News broke Tuesday that Dr. William Happer, a skeptic of climate science and professor emeritus of Physics at Princeton University, has joined the National Security Council, directing an emerging technologies portfolio. The scope of his responsibilities and the power he will wield remain unclear as the position appears to be newly created. However, Dr. Happer’s public condemnation for the scientific consensus around climate change (a field that he is not an expert in) is cause for serious concern, especially given the role the National Security Council has in setting high-level foreign policy and the growing threat climate change is posing to our nation’s security. Yet again, the White House has elevated an individual who denies the science around climate change to a position of power – with this, individuals such as Happer are not the exception in this administration, but the rule.
Dr. Happer is known for his important contributions to the field of modern atomic physics. He has been on the faculty of Princeton University since 1980, during which time he has also been active in government service, having, for example, served as the Department of Energy’s director of energy research during the George H.W. Bush administration.
However, Dr.

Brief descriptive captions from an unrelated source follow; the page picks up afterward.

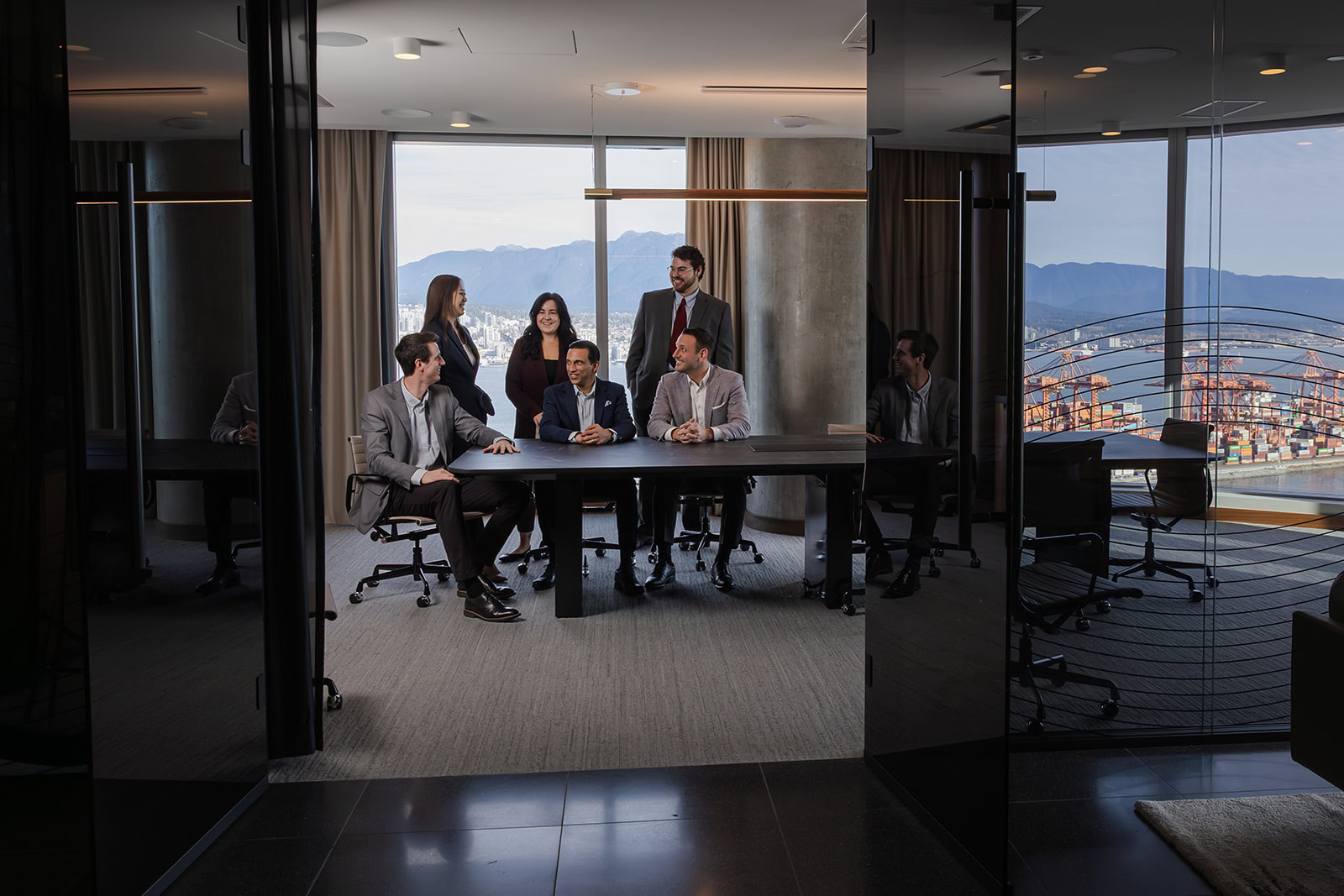 Six advisers at Safe Pacific Financial discuss wealth management, infinite banking, and bespoke Canadian life insurance policies in a bright office.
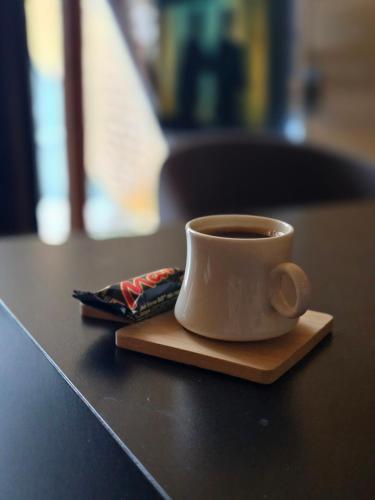 a cup of coffee sitting on top of a table at Chopan Resort Aparan in Aparan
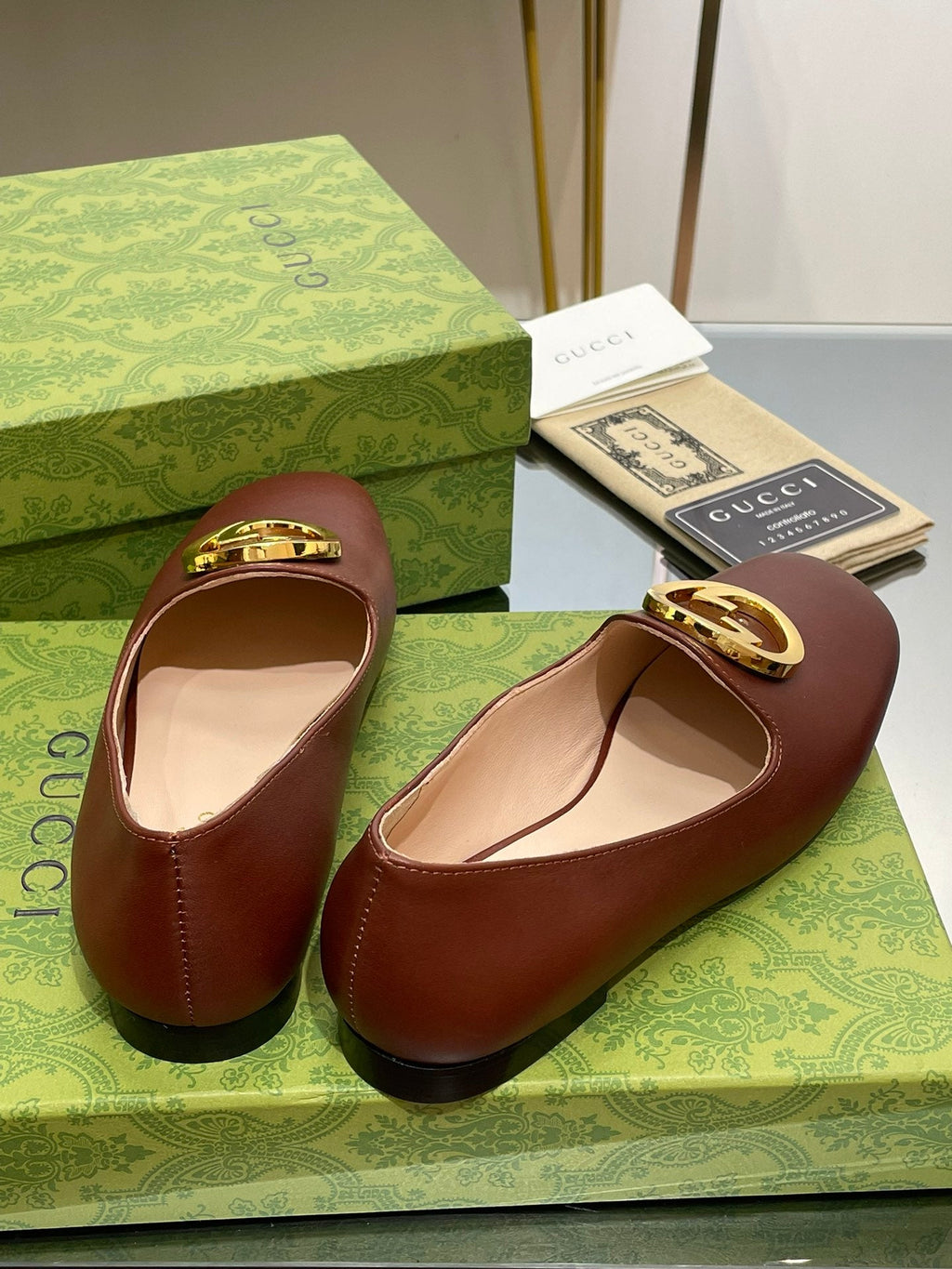 BLONDIE LOGO-PLAQUE LOAFERS IN SYRUP BROWN CALFSKIN WITH GOLD HARDWARE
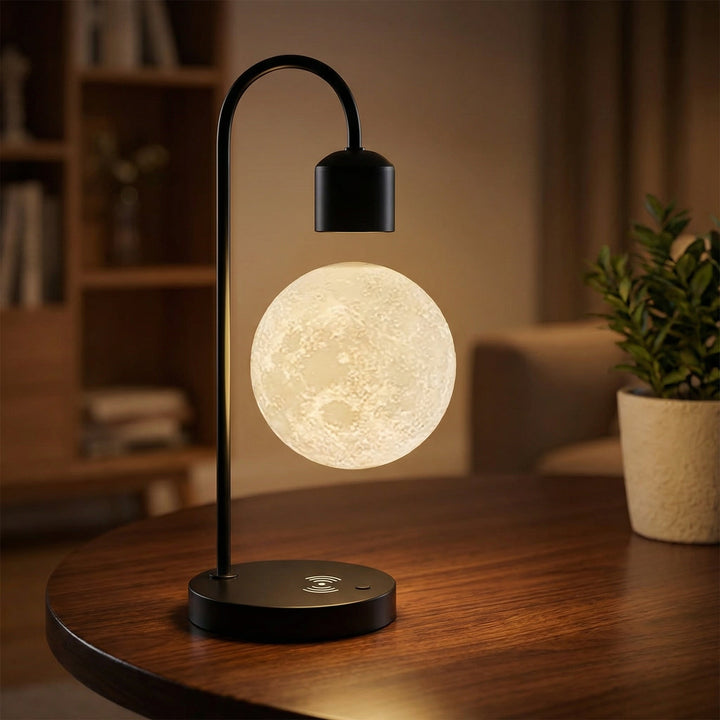 Cordless bedside lamp with levitating 3D printed moon, charging smartphone, soft ambient light.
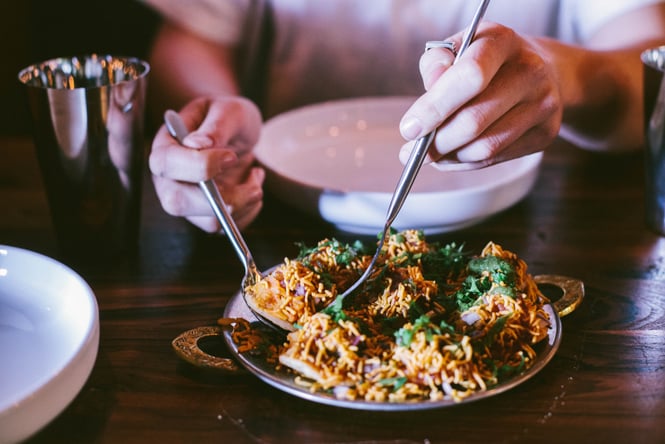 Biryani being served at a table.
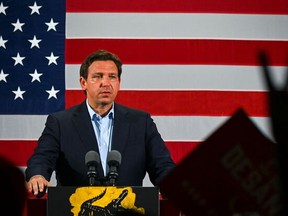 Florida Gov. Ron DeSantis speaks during a "Unite and Win" event as he campaigns for re-electionon the eve of the U.S. midterm elections, at Hialeah Park Clubhouse, in Hialeah, Fla., on Nov. 7, 2022.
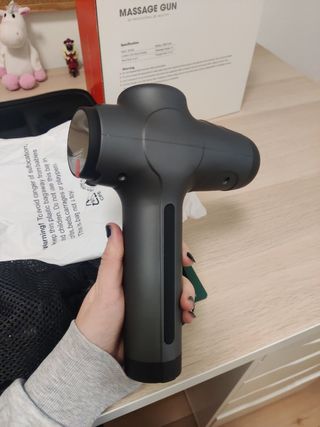 Pistola de masajes nueva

Happer is also known for his dismissal of the scientific consensus around climate change, making scientifically unfounded statements that more carbon dioxide will net benefit society. He has also questioned the science underpinning The Paris Agreement (a worldwide commitment to reduce global warming emissions and limit the increase in global temperature to well below 2 degrees Celsius), and recommended withdrawing from the Agreement. Such statements caught the attention of the Trump Administration, who considered Dr. Happer for the Director of the White House Office of Science and Technology Policy (OSTP) post (a post Dr. Kelvin Droegemeier was nominated to fill). Instead, the administration named him to his new role directing the emerging technologies portfolio.
In his new position, Dr. Happer is now an earshot away from the President and his closest climate and energy advisors. While it is unclear what his specific responsibilities will be, we will be watching to see if he advocates or not for technologies that help reduce carbon emissions in line with climate goals, and that help make the world a safer place. The White House must specify soon what exactly Dr. Happer will be working on. We will be watching to ensure that if his role drifts into climate-related issues, such as policies around our climate, ocean, the Arctic and Antarctic, and Earth observations, that he relies on and accurately conveys the latest science represented by the expertise of many excellent agency scientists and scientific resources available to him.